- _THE TASK_
An image-free, exact copy of the records below is required.

- _RECORDS SUPPLIED_
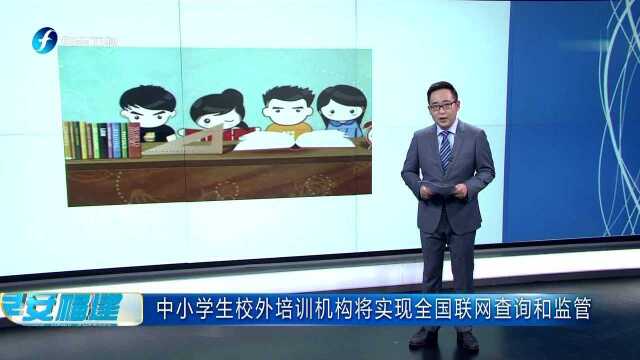 中小学生校外培训机构将实现全国联网查询和监管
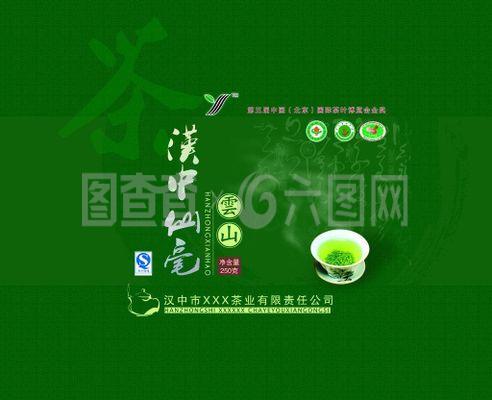 汉中仙毫茶叶包装盒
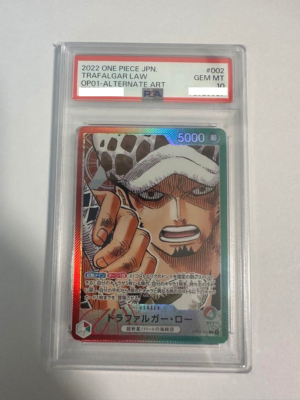 One Piece Card Game Japanese Romance Dawn TRAFALGAR LAW OP01 One Piece Card Game Japanese Romance Dawn TRAFALGAR LAW OP01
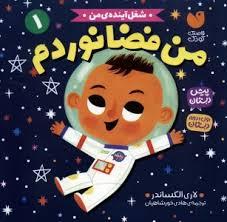 شغل آینده ی من - من فضانوردم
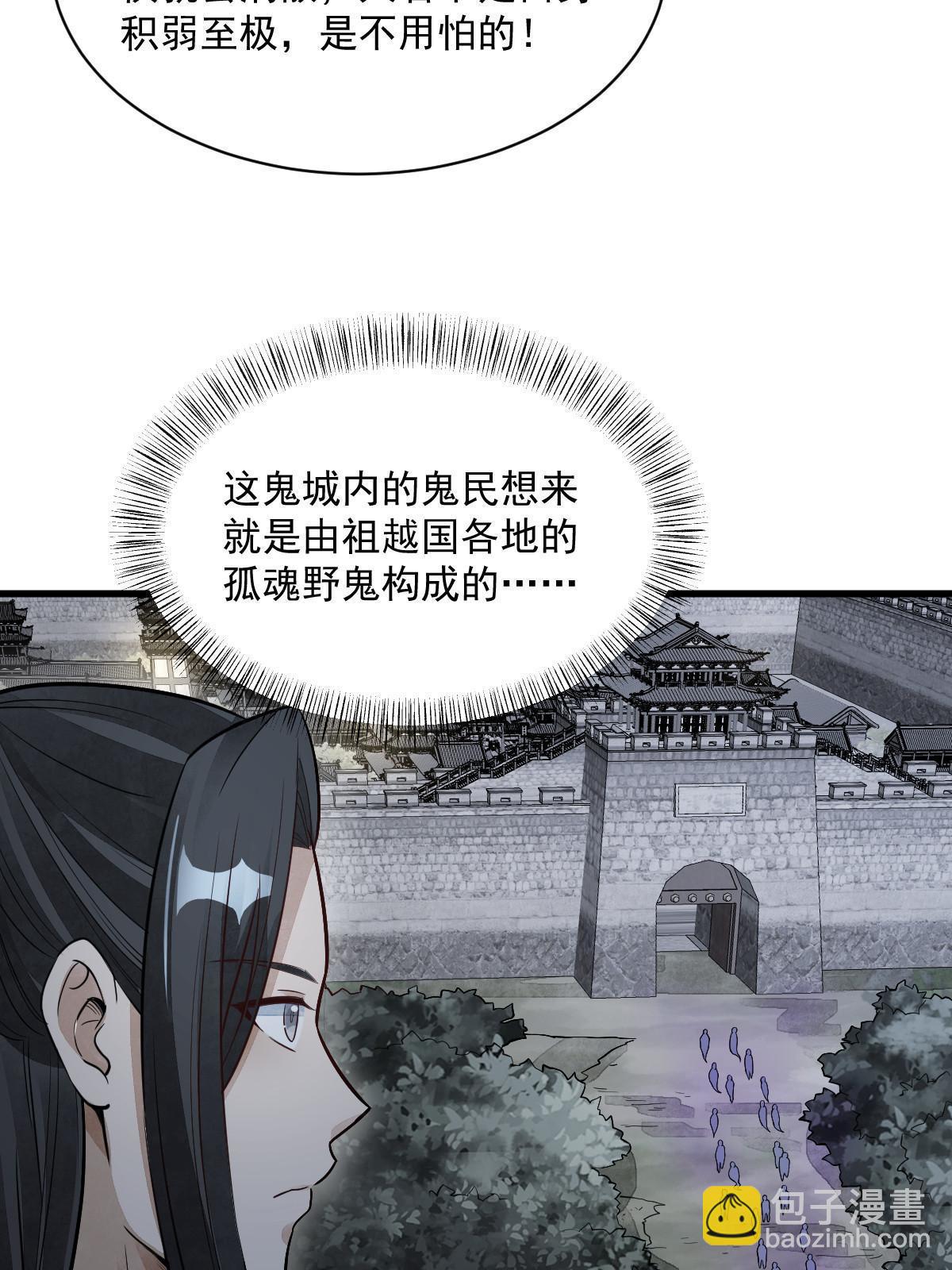 第168话(1/2)-第170话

- _RESPONSE FOR THIS EXERCISE_
 中小学生校外培训机构将实现全国联网查询和监管
 汉中仙毫茶叶包装盒
 One Piece Card Game Japanese Romance Dawn TRAFALGAR LAW OP01 One Piece Card Game Japanese Romance Dawn TRAFALGAR LAW OP01
 شغل آینده ی من - من فضانوردم
 第168话(1/2)-第170话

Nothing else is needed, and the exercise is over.